The Poitevin originated in the marshlands of the Charente and the Vendée in the seventeenth century, when horses of Flemish or Dutch origin, brought to the area by engineers working on land drainage, interbred with local horses.

On 1 January 1599, Henri IV of France appointed Humphrey Bradley, an English land drainage engineer from Brabant, maître des digues du royaume, or "master of dykes of the Kingdom", which essentially gave him a monopoly of all dyking and land reclamation work throughout the country. Bradley also enjoyed the support of Maximilien de Béthune, Duke of Sully, chief minister to the king. Early in the seventeenth century he contracted to drain parts of the Marais de Saintonge, but was not able to carry the work forward until after 1607, when the Société générale de desséchement des marais et lacs de France was formed by royal edict. He did not himself direct the work, but entrusted it to two brothers, Marc and Jérome de Comans. They brought a good number of workers from the Low Countries; by about 1610 the area between Muron and Tonnay-Charente had come to be known as the Marais de la Petite-Flandre, the "marsh of little Flanders". It is believed that a number of working horses were also brought from the Low Countries, possibly of Brabant, Flemish or Friesian type. Drainage of the Marais Poitevin, the marshlands of Poitou, did not begin before 1640, by which time Bradley is thought to have died. Horses were brought to the area from Germany in about 1685. Interbreeding between these various imported horses and local stock of indeterminate type led to the development of the Poitevin, a large, heavy, slow horse well adapted to marshy terrain.
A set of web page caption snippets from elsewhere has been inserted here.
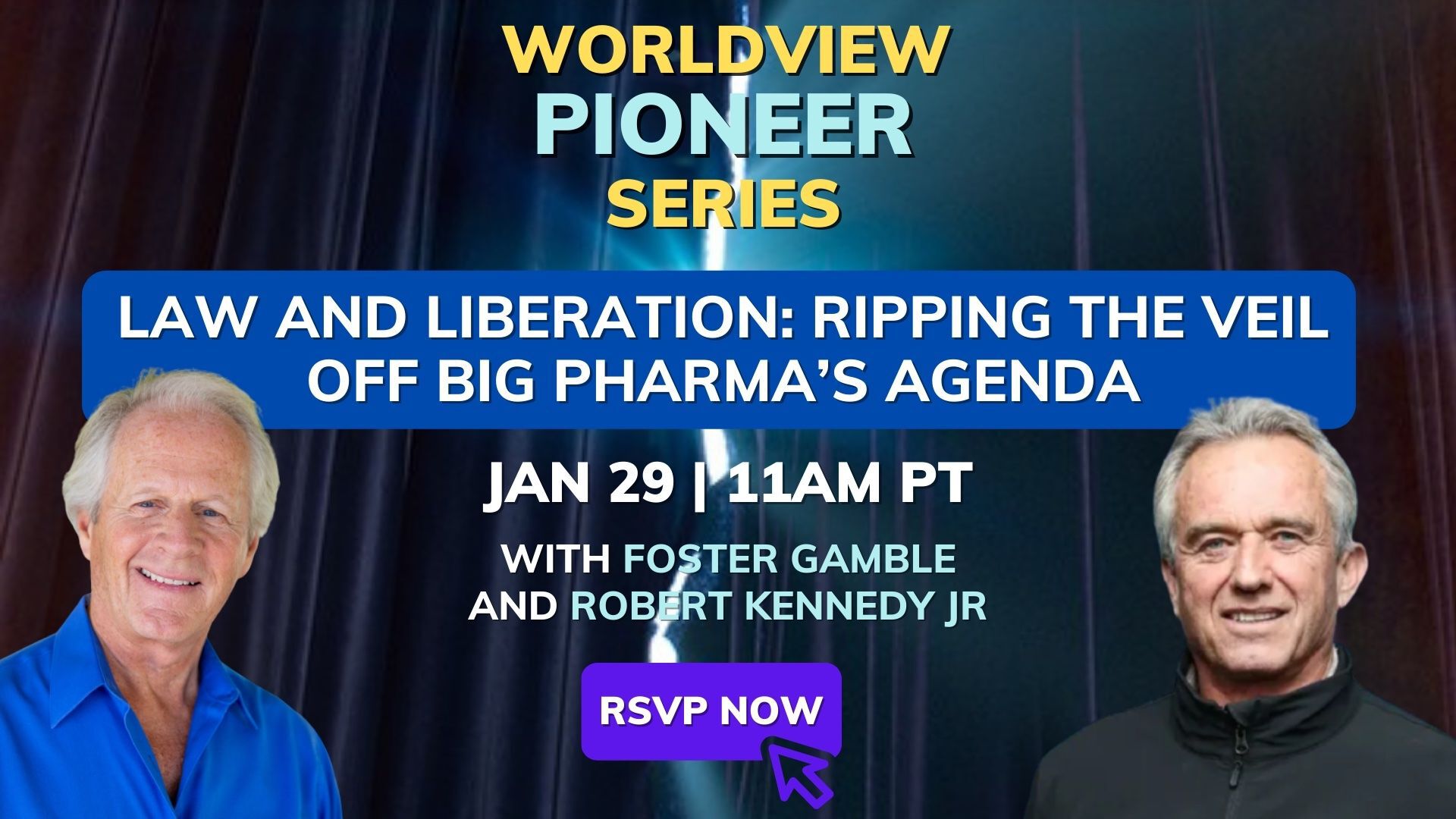 Children's Health Defense on GETTR : REGISTER NOW: Robert F. Kennedy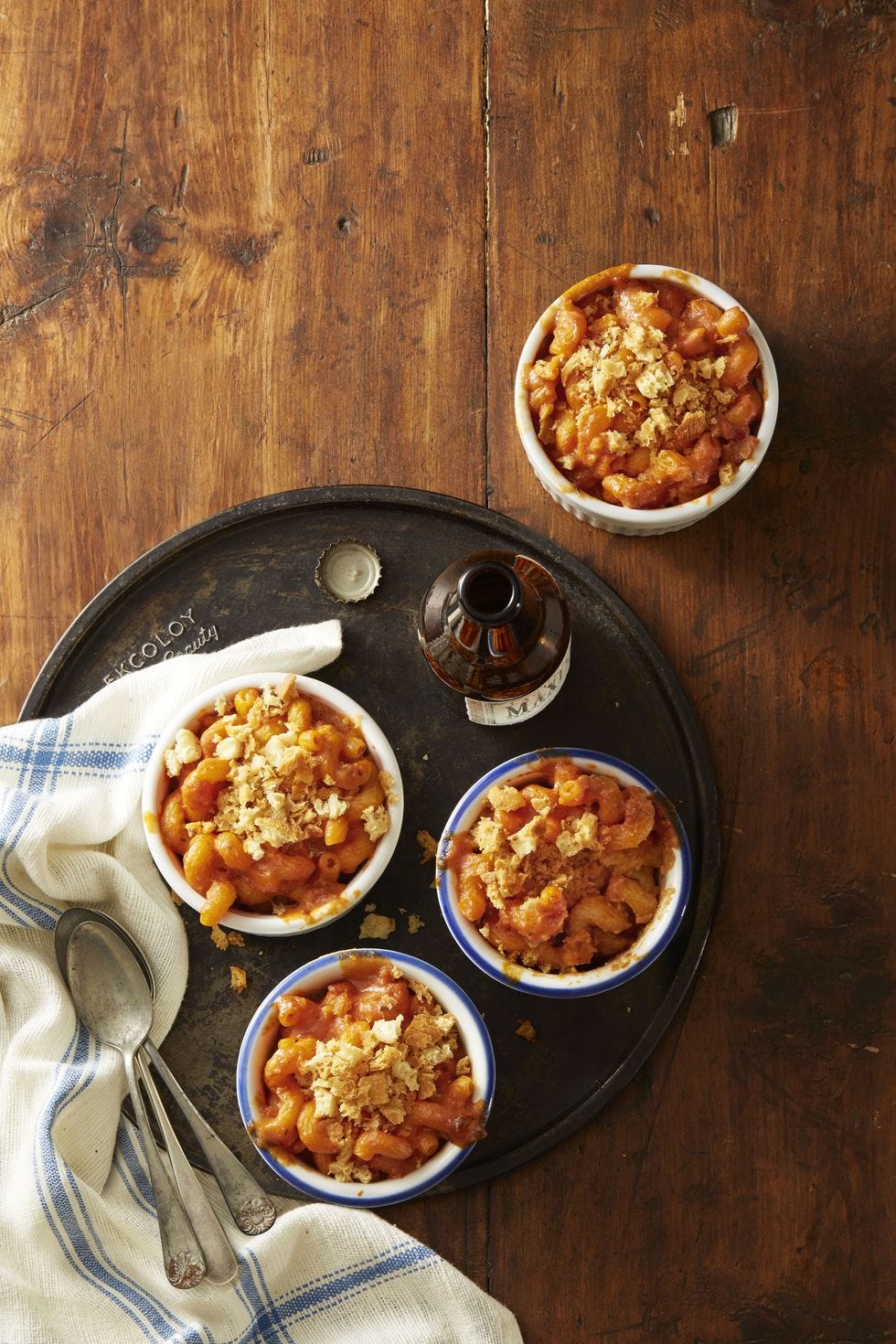 tomato soup mac 'n' cheese
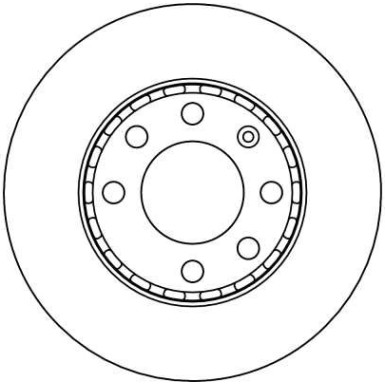 TRW Bremsscheibe DF4205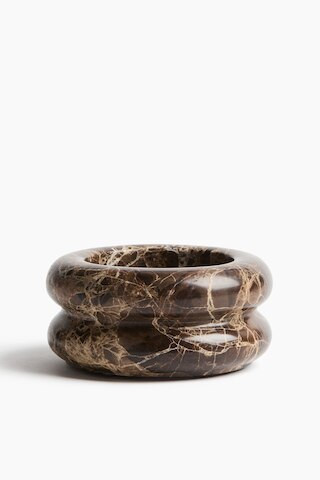 H & M - Marble bottle coaster - Dark Brown/Marbled | H&M (UK, MY, IN, SG, PH, TW, HK)
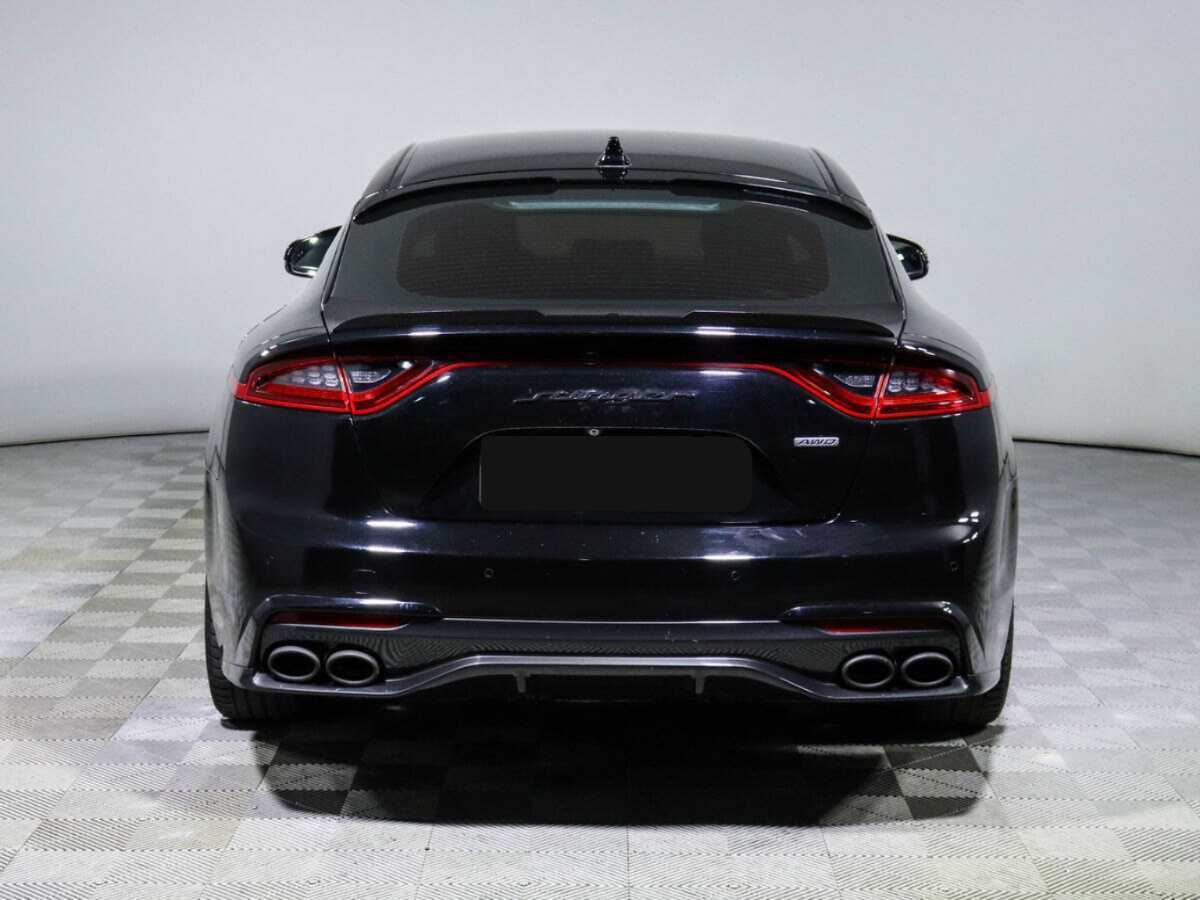 Купить Kia Stinger с пробегом. Фото: #5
At the end of the eighteenth century, the French government tried to impose a system of crossing Poitevin horses with lighter-weight Norman and Thoroughbred horses to create cavalry horses. Despite financial incentives, private breeders protested because they felt that the resulting crossbred horses created poor quality mules upon further breeding. The changes also affected the characteristics of the breed that had been developed for work in its marshy homeland, including large hooves and a calm manner. Some sources argue that at this point the breed was employed for agricultural and logging uses. Others state that they were not pulling horses, and were instead used almost solely for the production of mules.

=== Production of mules ===

Poitevin mares were crossbred with Poitou donkeys to create the famous Poitou mule, a large, hardy breed. Like most animal hybrids, mules are sterile and can only be created through crossing a donkey and a horse. The industry of mule breeding in Poitou has existed since at least the eighteenth century, when it was opposed by the government stud farm administration that was attempting to breed cavalry horses for French troops. At the beginning of the nineteenth century, the government prohibited breeding mules from mares taller than 120 cm, and threatened to castrate all donkeys in the region. In the 1860s Eugene Gayot noted that the heavy mares from the Poitou marshes produced the best mules, probably because of their heavy bone structure.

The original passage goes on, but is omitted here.